Защита Nginx с помощью NAXSI в Ubuntu 16.04

Nginx – популярный открытый HTTP-сервер и обратный прокси, известный своей стабильностью, простой конфигурацией и скромными требованиями к ресурсам. Вы можете значительно повысить безопасность своего сервера Nginx с помощью модуля NAXSI. NAXSI (Nginx Anti XSS & SQL Injection) — это бесплатный сторонний модуль Nginx, который предоставляет функции брандмауэра веб-приложений.
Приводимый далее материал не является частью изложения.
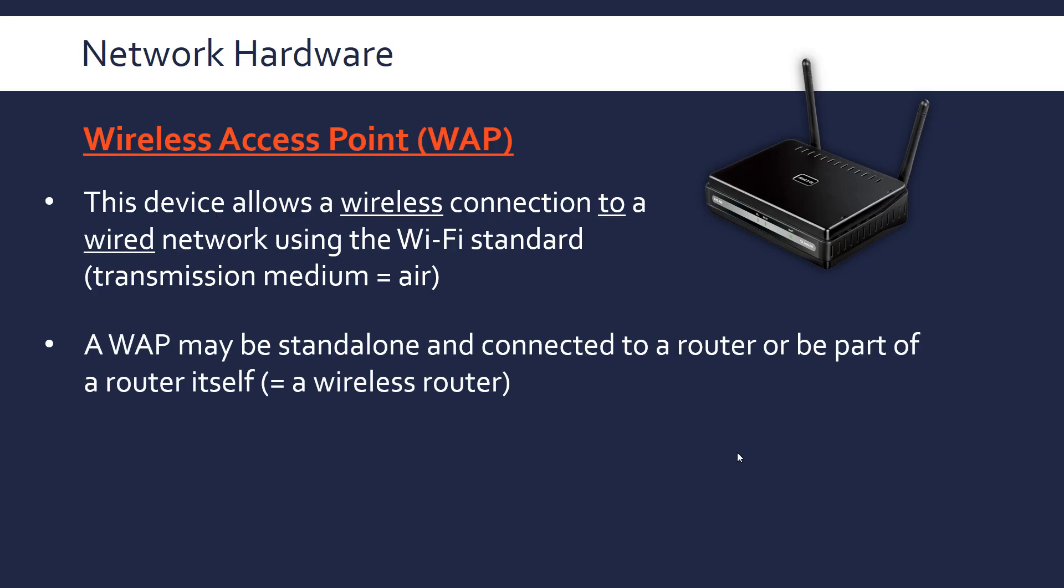A wireless access point might be on its own, and then separately connected to a router, in order to transmit across the internet, or more likely, especially in your houses, to be part of the router itself. So a wireless router is like a router plus an access point, a wireless access point within it. They're kind of combined.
NAXSI анализирует, фильтрует и защищает трафик, который поступает в ваше веб-приложение, и действует как брандмауэр DROP-by-default, что означает, что он блокирует весь трафик, если нет специальных указаний разрешать доступ того или иного трафика.

Простота, с которой пользователь может управлять доступом, является ключевой особенностью, которая отличает NAXSI от других брандмауэров веб-приложений (WAF) с аналогичной функциональностью, типа ModSecurity. Хотя ModSecurity поставляется с богатым набором функций, его намного сложнее поддерживать, чем NAXSI. Потому NAXSI считается простым и адаптируемым выбором, который предоставляет легко доступные правила, которые хорошо сочетаются с популярными веб-приложениями, такими как WordPress.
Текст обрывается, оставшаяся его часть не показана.